Budapest is a lovely place to explore by car. Historically important and magnificent, yet hospitable and accessible, its many different areas and neighborhoods are best explored with the freedom that having your own wheels gives you. The city can also serve as a great base for visiting other regions of Hungary and even some of the neighboring countries.
Top ways to enter Budapest
- Budapest Airport. By far the largest airport in Hungary and among the 50 busiest in Europe, Budapest Ferenc Liszt Airport has two terminals with a third expected to open in 2021. The airport is located about 16 km (10 mi) southeast of downtown Budapest.
- Debrecen Airport. Serving Hungary’s second city, Debrecen Airport has flights by six different airlines offering flights to Germany, Spain, the United Kingdom, Russia, Israel, and other countries. Debrecen Airport is a tad more than a two-hour drive east of Budapest.
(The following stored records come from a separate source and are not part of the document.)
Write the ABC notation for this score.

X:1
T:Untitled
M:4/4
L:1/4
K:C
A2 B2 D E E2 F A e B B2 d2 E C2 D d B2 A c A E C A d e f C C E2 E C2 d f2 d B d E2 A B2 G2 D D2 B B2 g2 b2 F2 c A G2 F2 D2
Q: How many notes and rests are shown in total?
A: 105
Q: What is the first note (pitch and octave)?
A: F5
- Vienna Airport. With more than 27 million travelers served annually, Vienna Airport is among the largest in Central Europe. Just 225 km (140 mi) northwest of Budapest, it takes a short two-hour drive to reach it. Do keep in mind, though, that you’ll have to cross a national border between Austria and Hungary, so first, ask your car rental provider if they permit it.
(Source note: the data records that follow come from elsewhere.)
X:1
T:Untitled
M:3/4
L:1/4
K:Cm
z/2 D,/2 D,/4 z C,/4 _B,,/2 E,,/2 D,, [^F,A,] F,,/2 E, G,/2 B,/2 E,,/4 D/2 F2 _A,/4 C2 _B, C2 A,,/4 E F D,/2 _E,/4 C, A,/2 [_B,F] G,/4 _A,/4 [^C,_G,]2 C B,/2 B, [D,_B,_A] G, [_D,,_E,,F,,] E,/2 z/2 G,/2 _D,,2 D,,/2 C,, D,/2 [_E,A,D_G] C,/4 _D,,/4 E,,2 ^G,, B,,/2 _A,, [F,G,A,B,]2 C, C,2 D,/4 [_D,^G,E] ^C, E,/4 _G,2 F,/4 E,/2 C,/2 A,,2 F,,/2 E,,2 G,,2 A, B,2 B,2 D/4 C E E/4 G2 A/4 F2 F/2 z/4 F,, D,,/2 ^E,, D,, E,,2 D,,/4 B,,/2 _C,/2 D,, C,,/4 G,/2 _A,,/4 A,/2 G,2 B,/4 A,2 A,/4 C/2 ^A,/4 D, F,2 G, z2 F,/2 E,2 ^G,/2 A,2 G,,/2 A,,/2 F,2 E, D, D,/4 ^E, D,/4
- By rail. If you arrive in Budapest by train, you can conveniently pick up your rental car at Budapest Deli train station.
Useful city facts
Budapest enjoys a continental climate. Winters vary from mild to relatively cold, while it can get quite hot in the summer. The average temperature in January, the coldest month, is 0 °C (32 °F) while the average temperature in July is 22 °C (71 °F) with some summer days getting significantly hotter. Summers generally see more precipitation thanks to short, but very rapid rain showers.
Budapest has a population of about 1.7 million inhabitants, but the city’s larger metro area is nearly twice as populous. This means that around every third inhabitant of Hungary lives in the capital city’s region.
Although many inhabitants of Budapest and people working in the service industry speak English, the native and official language of Budapest and Hungary is Hungarian. Unlike most other European languages, this unique tongue is not Indo-European. A member of the Uralic family, instead, it is distantly related to Finnish and Estonian that are spoken in Northern Europe.
Top destinations and activities
- Castle Hill. This palace complex built for the Hungarian kings is arguably the most famous part of Budapest. Its biggest attraction is the Royal Palace, but other landmarks like the Horseherd Statue, Disz Square with its many historic buildings, and the Fisherman’s Bastion shouldn’t be missed, either.
- Margaret Island. Known as Margit-sziget in Hungarian, Margaret Island, in the middle of the Danube, is one of the nicest areas of the city. Its many gardens and natural areas, the Palatinus outdoor baths, ruins of ancient churches, and the many festivals and events frequently held here create a relaxing atmosphere. Although you cannot drive around the island with a car, you can park nearby in the city and easily access it on foot.
- The Parliament. Located on Lajos Kossuth Square on the bank of the Danube, the Hungarian Parliament is the tallest building in the city. The beautiful neo-gothic house was built by more than 100,000 people, and nowadays not only serves its main purpose but is also open for tourists (although do look up entry times before coming as they can change). The parliament is as impressive from inside as it is from outside and the Hungarian crown jewels are exhibited under its cupola.
Traffic and parking tips
- Unless specifically indicated otherwise, the speed limits are 130 km/h (80 mph) on motorways (autópálya), 110 km/h (68 mph) on rural expressways (autóút), 90 km/h (55 mph) on rural highways (országút), and 50 km/h (31 mph) in populated and built-up areas (lakott terület).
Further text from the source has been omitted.